Ade Bajomo holds a bachelor's degree in Civil Engineering from the University of Ife and a master's degree in Information Systems Engineering from South Bank University, London and an MBA from CASS Business School, London. Bajomo is a chartered member of the British Computer Society and a member of Institute of Directors.

== Career ==
Bajomo began his career in 1994 at Deutsche Bank where he served as Computing Manager and in 1997 moved to Fortis Bank, UK as the IT Director and served there until 2006 when he left to join Pearl Insurance Group as Head of IT Strategy and Systems serving there for just one year. From 2007 to 2011, he worked at Barclays Bank Plc UK as Regional Head of Transformation Programme. Bajomo returned to Nigeria in 2011 to join the Nigeria Stock Exchange (NSE) as Executive Director Market Operations and Technology for a term of five years.

Bajomo introduced several reforms at the NSE including digitalisation of trading systems with the launch of various technologies such as XGEN, XNET and a trading app – Trade Smart and organized the inaugural NSE Market Data Workshop. The market grew to become the second largest stock exchange in Africa by market capitalization with over seven million investors. He was the Chair of Market-Wide Infrastructure and Technology sub-committee of the Nigeria Capital Market Committee and was a board member of NASD Plc (Nigeria's Over the Counter Exchange).
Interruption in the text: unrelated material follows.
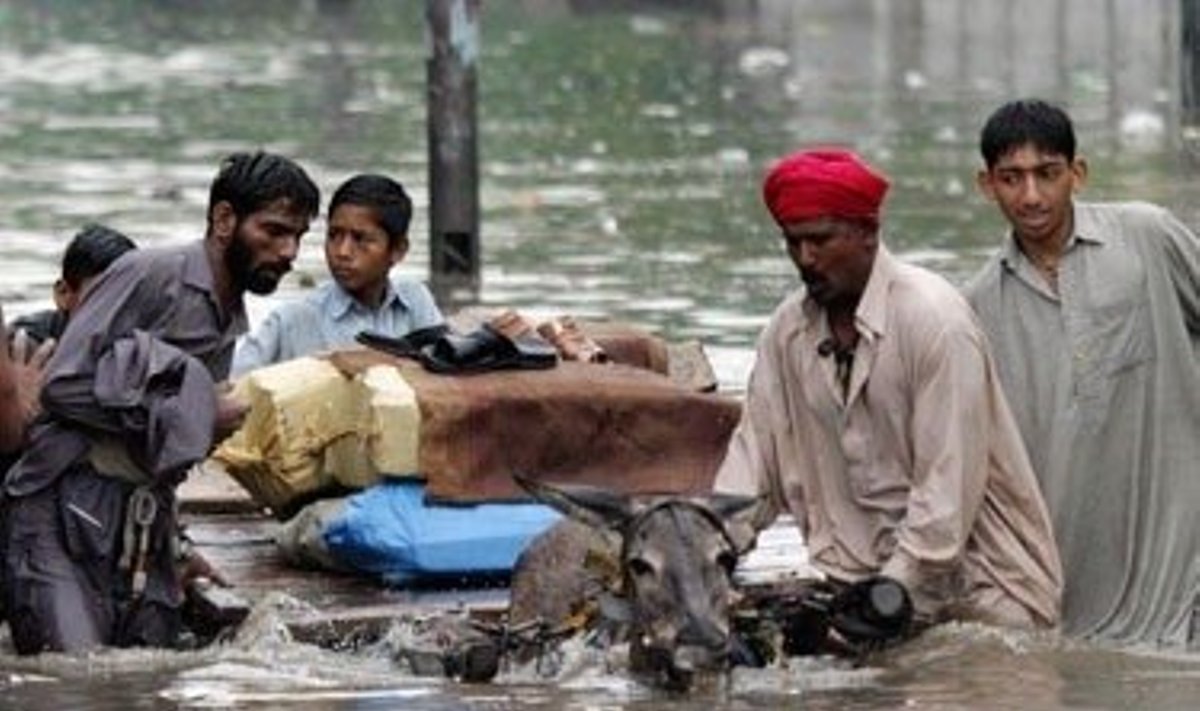 Pakistaniečiai traukiasi iš potvynio apsemtų namų.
He was reappointed by the NSE in 2016 for a second term but resigned in December 2017.

Bajomo was appointed to the board of Access Bank Plc as the executive director, Information Technology and Operations in January 2018. He introduced advanced digital transformation, core banking upgrades  and operations automation at the bank leading to growth of its customer base from seven to fifty million emerging as the Africa's largest retail bank by number of customers. Bajomo resigned from the board in 2022.

He currently serves as the President of FinTech Association of Nigeria – a self-regulatory, nonprofit and non-partisan organization focused on accelerating the growth of financial technology in Nigeria. He was Vice President of the association from 2019 to 2020 when he was appointed president.